Content starts

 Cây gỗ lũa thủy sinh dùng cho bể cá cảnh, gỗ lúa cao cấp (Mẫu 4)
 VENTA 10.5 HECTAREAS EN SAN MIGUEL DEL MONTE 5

Content ends
Content starts

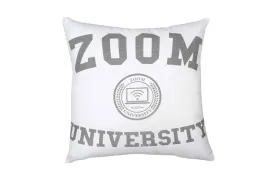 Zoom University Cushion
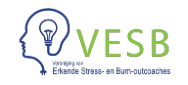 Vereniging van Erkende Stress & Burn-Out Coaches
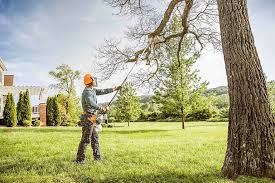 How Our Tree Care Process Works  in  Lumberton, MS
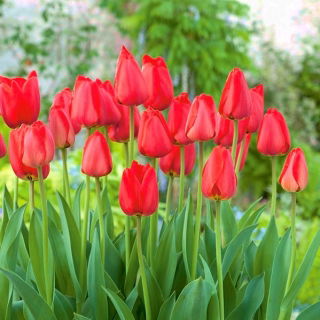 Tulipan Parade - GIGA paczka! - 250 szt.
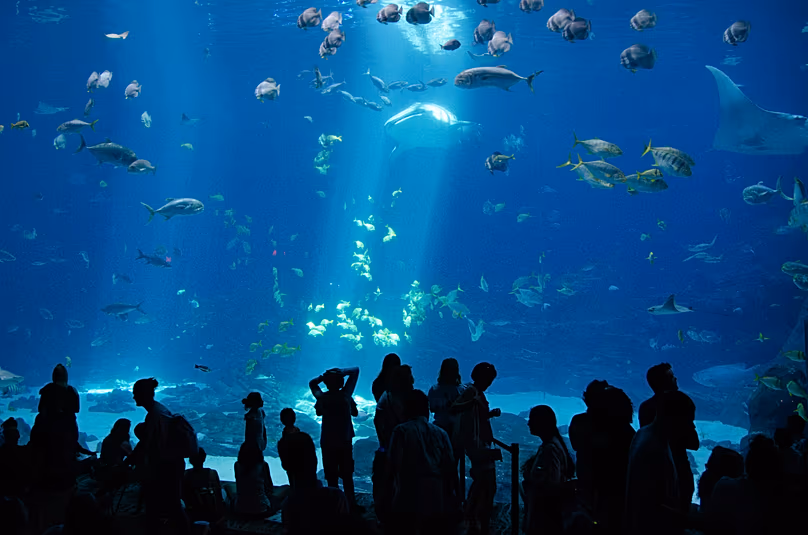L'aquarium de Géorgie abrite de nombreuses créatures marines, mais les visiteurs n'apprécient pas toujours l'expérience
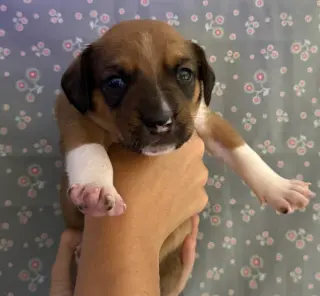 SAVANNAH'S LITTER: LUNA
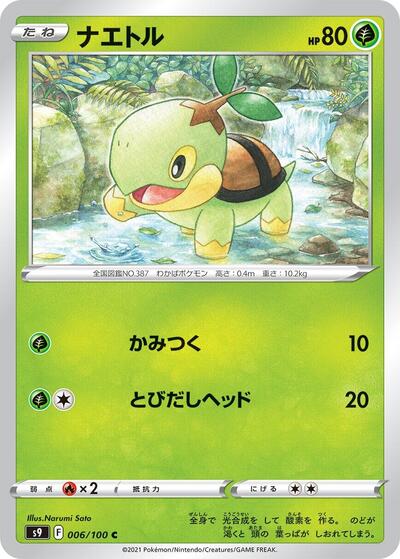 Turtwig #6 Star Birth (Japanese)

Content ends

■ Work task
Transcribe exactly the lines above, beginning at the one with "L'aquarium de Géorgie" and going up to and including the one with "Turtwig #6 Star Birth (Japanese)". Pictures do not belong in the copy.

■ Written solution
L'aquarium de Géorgie abrite de nombreuses créatures marines, mais les visiteurs n'apprécient pas toujours l'expérience
 SAVANNAH'S LITTER: LUNA
 Turtwig #6 Star Birth (Japanese)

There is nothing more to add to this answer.